Jordie pushes herself upright with a wince. There’s a beat where her eyes find mine. I brace myself for it—the questions, the sympathy, her two-cents. But none of that comes.

Instead, she just nods and pats the space next to her.

I sit down, taking it as a silent invitation.

“I’m sorry,” she says softly, her voice skimming the edge of a sigh. “Are you okay?”

The way she asks the question hits me differently. It’s not the usual platitudes—those ones where people ask because it’s what you’re supposed to say, not because they really care about the answer.

I blow out a thin breath that barely qualifies as a laugh. “What do you want? The polite, noncommittal ‘I’ll be fine,’ or the fully unraveled spiral that ends with you recommending I see someone licensed?”

Jordie just tilts her head, gaze steady. “I want the version you want to tell me now.”

The truth is too raw to untangle. All I can give her is the simplest version.

“Yeah,” I say. “I’ll be okay.”

She nods, hearing everything I didn’t say. Somehow, she knows the difference between “I’m fine” and “I’m functional” and doesn’t feel the need to call either a lie.

For a moment, I forget how exhausted she looks. Forget that she’s the one who should be resting.

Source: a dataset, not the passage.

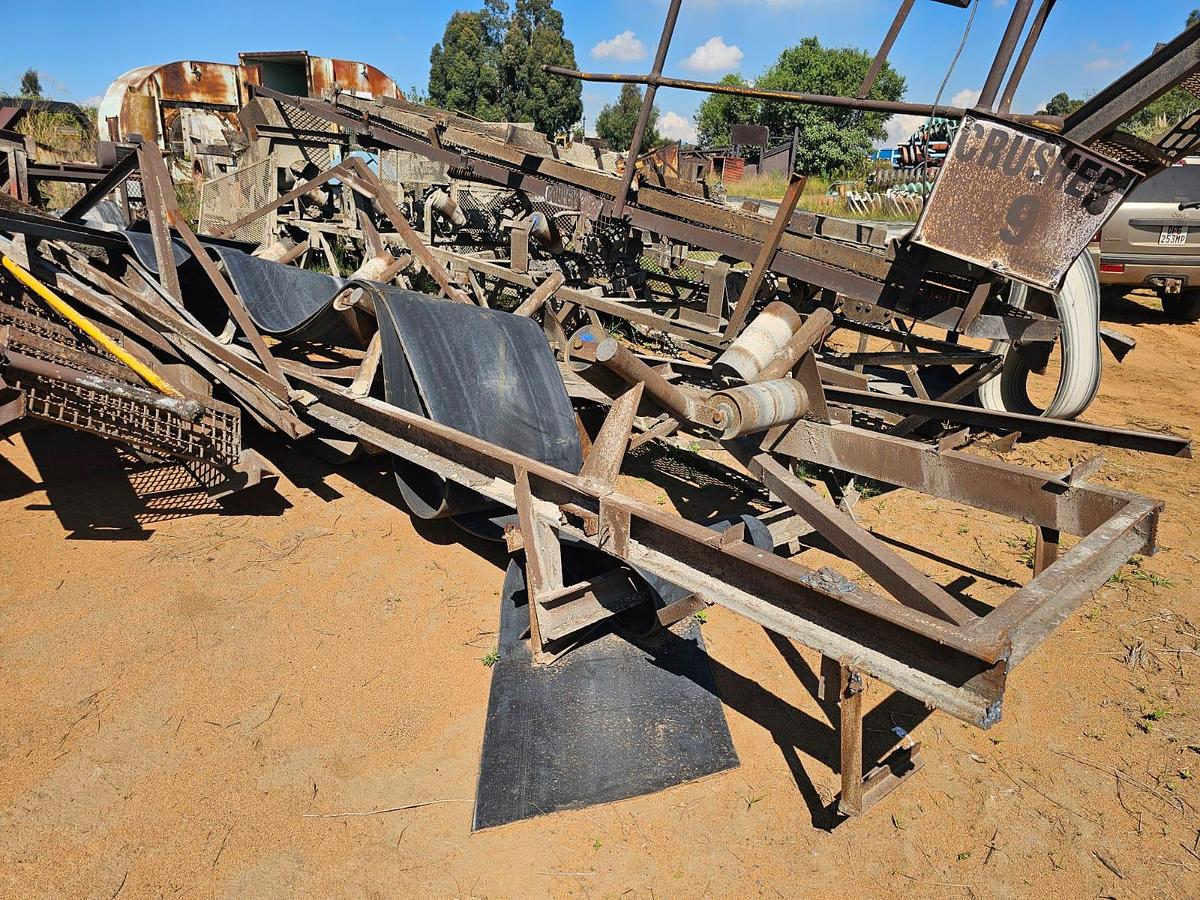 Used 600 MM CONVEYOR STRUCTURE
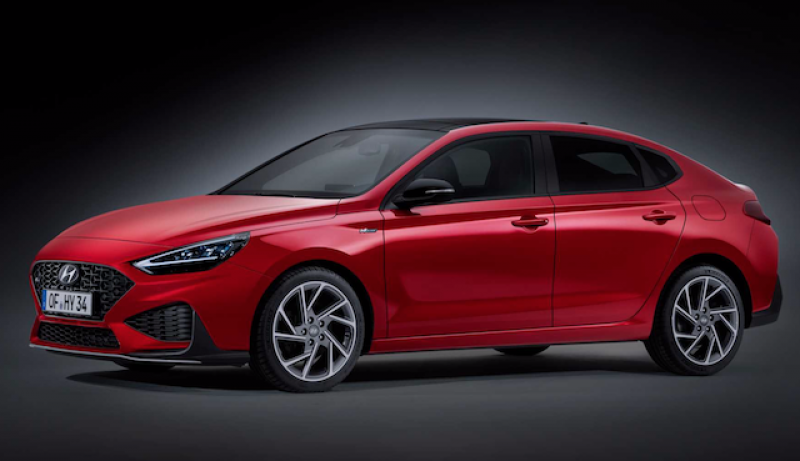 2021 Hyundai i30 小改款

I glance down at my hands, flexing my fingers. And then the urge hits—sudden, absurd. I want to reach for her. Grab her hand. Ask for a hug. Just something to anchor myself.

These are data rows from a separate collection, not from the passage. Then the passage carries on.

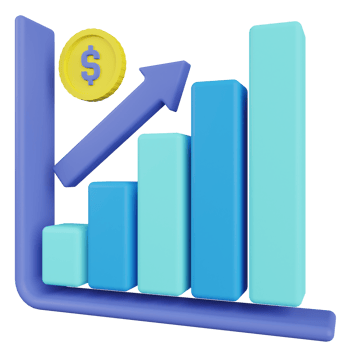 Revenue 3D Illustration png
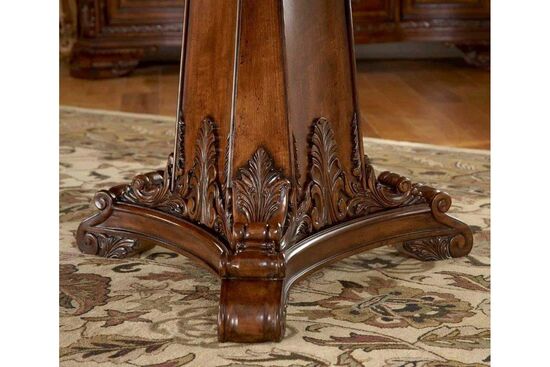 OLD WORLD MASA ACILIR DIKDORTGEN 117x194x(239)-(284)x76cm 43221-2606 - 6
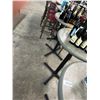 Image 1 : 6-Gray Mica High Bar Tables - 6 X $
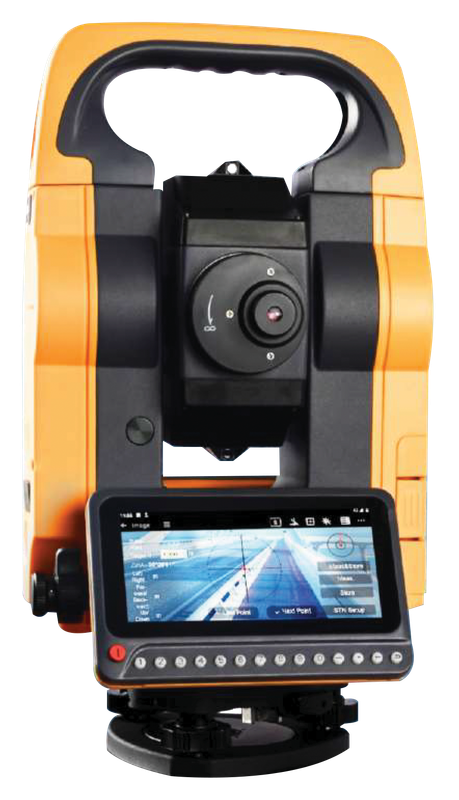 Estación total Android Hi-Target HTS-720 1000m alcance sin prisma (Precios USD)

I curl my fingers instead, let out a breath, and shake my head. “I want to talk about it, but . . . not right now.”

Jordie doesn’t push.

It’s rare to be seen this way. Cared for beyond surface-level sympathy.

Then, “Okay, well, now that you’ve successfully sidestepped your emotional trauma, can we circle back to mine? The part where you’ve seen me naked?”

I blink. Then—God help me—I laugh. “Why is that bothering you so much?”

Her eyes narrow. “You wouldn’t be bothered if I walked in on you naked?”

“I mean . . .” I smirk. “Depends. Was I flexing at the time?”

She giggles and smacks my chest weakly.

“Okay. Have you ever seen your other colleagues naked?”

The words hang there. Awkward. Stupid. Now I’m embarrassed.

I wrinkle my nose. “God, no.”

“How about your friends?” she asks, narrowing her eyes at me.

I pause. “One guy. Med school. Too much tequila. A regrettable karaoke rendition of I Want It That Way that ended with him attempting a striptease and spraining his ankle.”

She snorts, shaking her head.

I glance down at my hands, fiddling with the corner of a cushion, then back at her.

“Maybe we should be friends,” I say, lighter than it deserves to be. “I mean, we both love Sriracha, and I know Darcy’s first name, so . . .”

Jordie stills. Just watches me for a moment, weighing the words. Then she smiles. Small. Real.

“Yeah?” she asks to make sure.

“Yeah.”

“Friends, then,” she says, the word coming out strange in her mouth, but not unwelcome.

She yawns, then rubs her nose with her palm in that funny way she always does when she’s sleepy.

“Alright, friend,” she says, dragging the word out with a grin, “on that note, I need to change my pad.”

I push to my feet and offer her my hand. “C’mon.”

She takes it, wincing as she gets up, still unsteady. I don’t let go, not until we’re at the bathroom door.

“Need help in there?”

“Oh, nonononononono—” Jordie shakes her head so fast it’s almost comical.

I think I clocked seven nos.

She looks at me, dead serious, and declares, “I solemnly swear that you will never, ever see me naked again.”